Comparative Convergences in Pleading Standards
As transnationalism becomes more prominent, comparative law is burgeoning. In one area of American law, however, it has met a formidable challenge: civil procedure. Comparative civil procedure has been relatively slow to find its way into American law-school classrooms, legislation, and judicial opinions.
There are many reasons why, but one reason is American exceptionalism. Though there is a vast difference between common law and civil law jurisdictions, American procedure is very different even from its common law kin. As I and others have stated previously, American exceptionalism is a major obstacle to the benefits of comparative study and to potential reform in the field of civil procedure.
This may be changing, however. Certain features of American procedure historically considered exceptionalist appear to be trending toward their foreign counterparts. These trends, should they continue, may make comparative study, and perhaps even harmonization, easier. They also, however, pose new challenges to the coherence of our own American system.
Pleading is a particularly useful example. It is a prominent feature of American civil procedure that has long been exceptional. Unlike civil law countries, which require detailed fact pleading and often evidentiary support at the outset, and unlike even most common law traditions that also require some fact pleading, Rule 8 requires only “a short and plain statement of the claim showing that the pleader is entitled to relief,” a formula that has traditionally focused on notice rather than facts. This conception of pleading is unlike any other in the world.

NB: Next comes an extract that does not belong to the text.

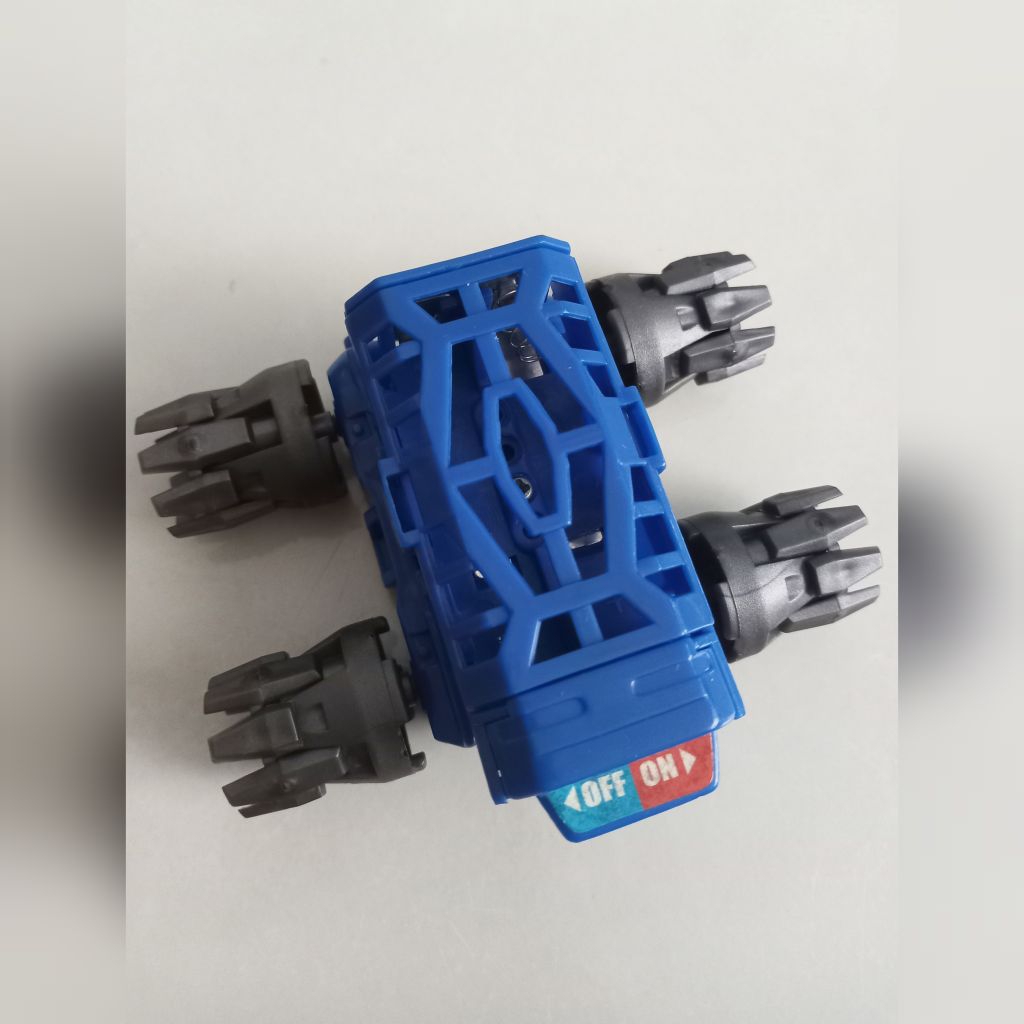 Crush Gear Part All Kw Casis Dan Wheell Hi Dash Wdp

But exceptionalism in American pleading may be waning, at least in discrete areas. Congress has begun to experiment with imposing heightened pleading requirements in, for example, the Private Securities Litigation Reform Act of 1995. Similarly, but perhaps more dramatically, the Supreme Court in Bell Atlantic Corp. v. Twombly and Ashcroft v. Iqbal recently imposed a transsubstantive “plausibility” standard that depends upon factual sufficiency, eliminating the more liberal notice-pleading standard that the Court had endorsed since 1957.